Dataset records START
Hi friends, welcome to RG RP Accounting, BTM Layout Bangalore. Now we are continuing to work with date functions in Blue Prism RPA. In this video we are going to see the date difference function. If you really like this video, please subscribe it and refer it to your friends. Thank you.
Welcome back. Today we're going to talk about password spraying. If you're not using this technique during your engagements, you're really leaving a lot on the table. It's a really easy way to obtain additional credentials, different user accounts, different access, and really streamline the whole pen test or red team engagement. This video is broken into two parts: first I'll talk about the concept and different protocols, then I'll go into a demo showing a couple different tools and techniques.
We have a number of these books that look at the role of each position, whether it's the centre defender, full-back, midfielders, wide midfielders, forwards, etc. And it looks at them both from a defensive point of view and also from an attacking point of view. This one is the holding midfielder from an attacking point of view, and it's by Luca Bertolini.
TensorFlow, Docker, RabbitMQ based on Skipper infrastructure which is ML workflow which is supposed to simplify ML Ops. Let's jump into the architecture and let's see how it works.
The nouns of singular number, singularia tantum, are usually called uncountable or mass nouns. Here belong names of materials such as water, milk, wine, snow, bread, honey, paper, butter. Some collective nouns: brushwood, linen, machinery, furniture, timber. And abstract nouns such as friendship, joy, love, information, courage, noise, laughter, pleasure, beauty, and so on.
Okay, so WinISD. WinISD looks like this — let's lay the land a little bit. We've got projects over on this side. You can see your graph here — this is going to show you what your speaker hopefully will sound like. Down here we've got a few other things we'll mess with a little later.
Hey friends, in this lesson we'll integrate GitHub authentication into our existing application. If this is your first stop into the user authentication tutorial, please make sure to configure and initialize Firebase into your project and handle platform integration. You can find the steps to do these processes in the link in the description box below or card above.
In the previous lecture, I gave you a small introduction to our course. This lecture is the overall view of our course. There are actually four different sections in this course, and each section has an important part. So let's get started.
Dataset records END
Dataset records START
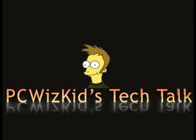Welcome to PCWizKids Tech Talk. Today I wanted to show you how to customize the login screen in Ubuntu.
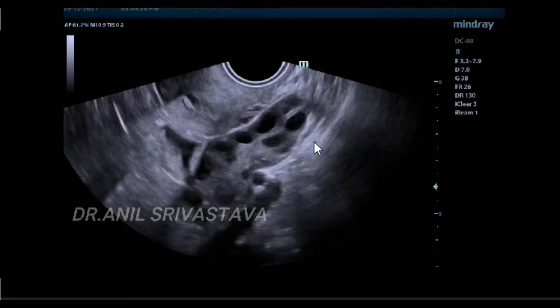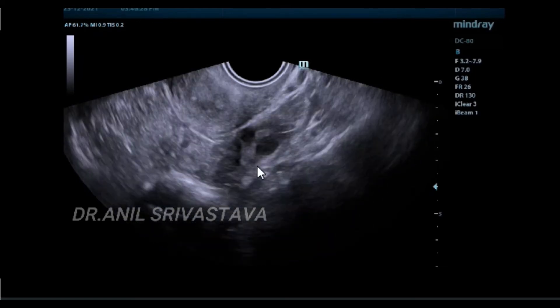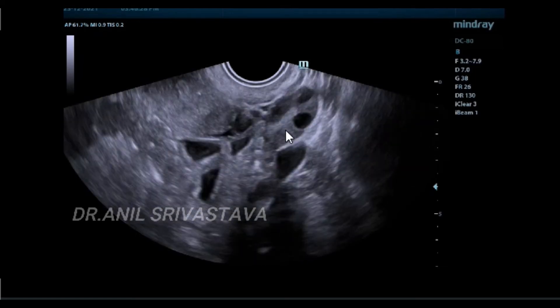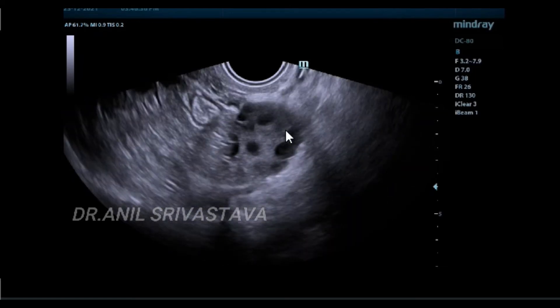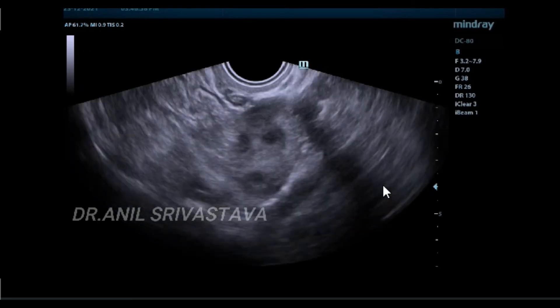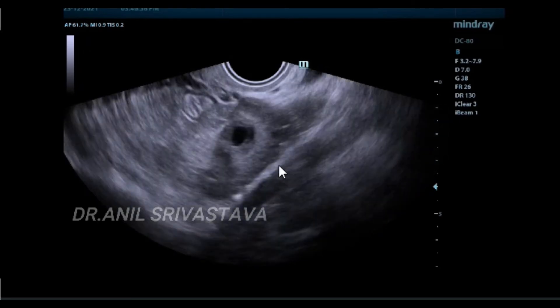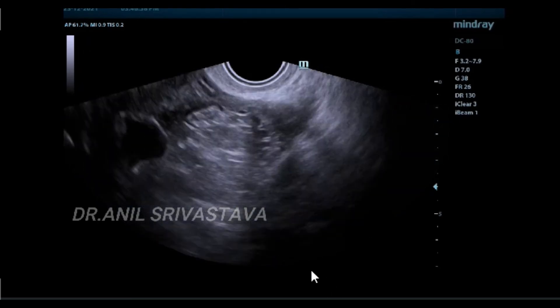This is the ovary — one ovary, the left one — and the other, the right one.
Dataset records END
- Task item:
Looking back over the data above, restate word for word the lines that begin at the line with "Okay, so WinISD." and end at the line with "In the previous", inclusive.

- Exercise answer:
Okay, so WinISD. WinISD looks like this — let's lay the land a little bit. We've got projects over on this side. You can see your graph here — this is going to show you what your speaker hopefully will sound like. Down here we've got a few other things we'll mess with a little later.
Hey friends, in this lesson we'll integrate GitHub authentication into our existing application. If this is your first stop into the user authentication tutorial, please make sure to configure and initialize Firebase into your project and handle platform integration. You can find the steps to do these processes in the link in the description box below or card above.
In the previous lecture, I gave you a small introduction to our course. This lecture is the overall view of our course. There are actually four different sections in this course, and each section has an important part. So let's get started.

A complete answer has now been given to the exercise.